In other fields as well, the activities of Aspar and his sons were causing concern. Already in
469
they had tried to assassinate Zeno and very nearly succeeded; and towards the end of
471
the elder son, Ardabur, was found to be involved in dark intrigues with the Isaurian faction in an attempt to win it over to his father's side. For Leo, this was the last straw. One morning in the imperial palace his guards suddenly drew their swords and cut down both Aspar and Ardabur; Patricius was badly wounded, but is thought eventually to have recovered.

It was presumably these murders which led the contemporary historian Malchus to give Leo the nickname
Makelles,
the Butcher; he also shows his dislike by describing him as 'a repository of every vice' and castigating him for his rapaciousness and avarice. Yet even Malchus has to admit that Leo was generally accounted the most fortunate, or most successful -
eutuch
esteros
-
of all the Emperors that had preceded him, and there can be little doubt that he was, though perhaps not loved, at least respected by the vast majority of his subjects. If he hardly deserved his title of 'the Great' - bestowed on him, apparently, for his religious orthodoxy rather than for any outstanding strength of character or brilliance of statesmanship - he was on the whole a just and merciful ruler; and when he died on
3
February
474
he had, by the standards of the time, remarkably little blood on his hands.

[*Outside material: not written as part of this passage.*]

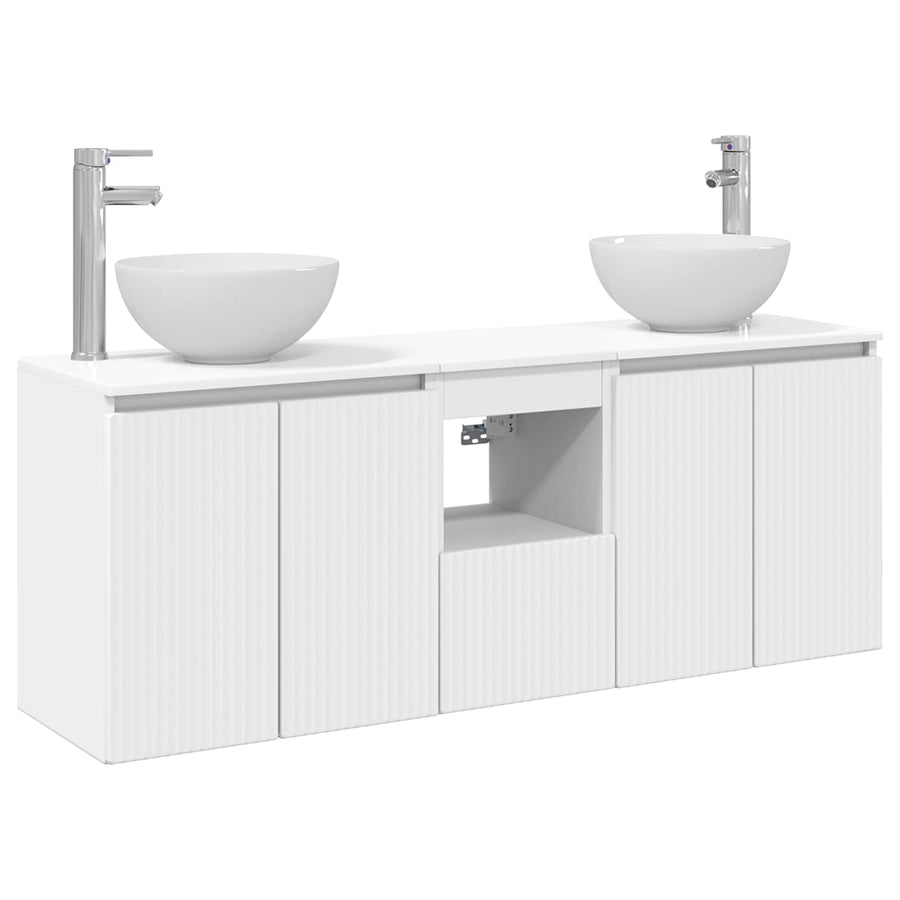 Badkamerkastenset 3 st Wit 49,5 x 41 x 64,5 cm Bewerkt hout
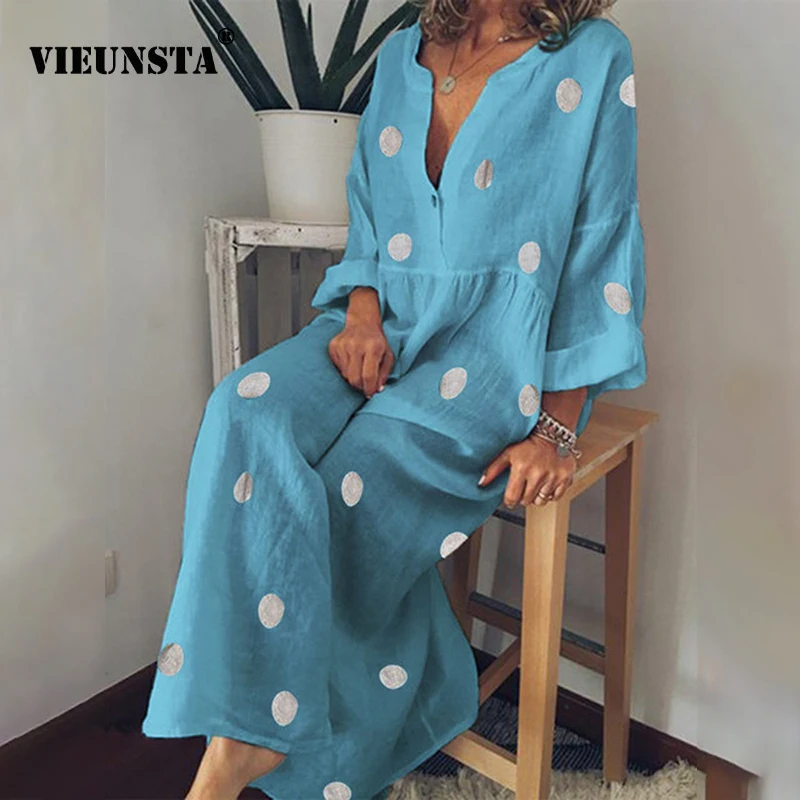 

VIEUNSTA Women Polka Dot Cotton Linen Dress Autumn Print Long Sleeve Boho Dress Sexy V Neck Maxi Party Dress Plus Size Vestidos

Five months previously, Leo had nominated his successor: not, as everyone had expected, his son-in-law Zeno but the latter's seven-year-old son, called Leo like his grandfather. Whether the Emperor's decision was taken out of personal animosity towards Zeno, whether he felt that the Isaurians were not of imperial calibre or whether he simply wished the diadem to pass to his own flesh and blood we cannot tell; in the event, however, the question proved academic - Ariadne having instructed her son, when his father came to him to make his formal obeisance in the Hippodrome, to crown him co-Emperor on the spot. It was as well that she did. Nine months later young Leo was dead.

One of Zeno's first acts on his succession was to put an end to the Vandal War. As his peace-maker he appointed a distinguished senator, Severus, raising him to the rank of Patrician as a sign of the importance that he attached to the mission; and he could not have made a better choice. Severus impressed Gaiseric by refusing to accept any presents for himself; far better than any gift, he said, would be the release of the Roman captives. The Vandal King immediately freed all those who were in bondage to himself and his family and gave Severus permission to redeem as many more as he could.
1
Peace was signed before the end of the year; never again were the Vandals to cause the Empire concern.

It was an auspicious start; but already the storm-clouds were gathering. By now the Isaurians had made themselves thoroughly unpopular. Unlike the Germanic tribesmen they were subjects of the Empire, and could not therefore technically be called barbarians; in their behaviour, however,

1
Much of the necessary ransom money was personally raised by Severus on his return, from the sale of the magnificent robes and gold and silver vessels by which he had impressed the Vandal court with the majesty of Byzantium.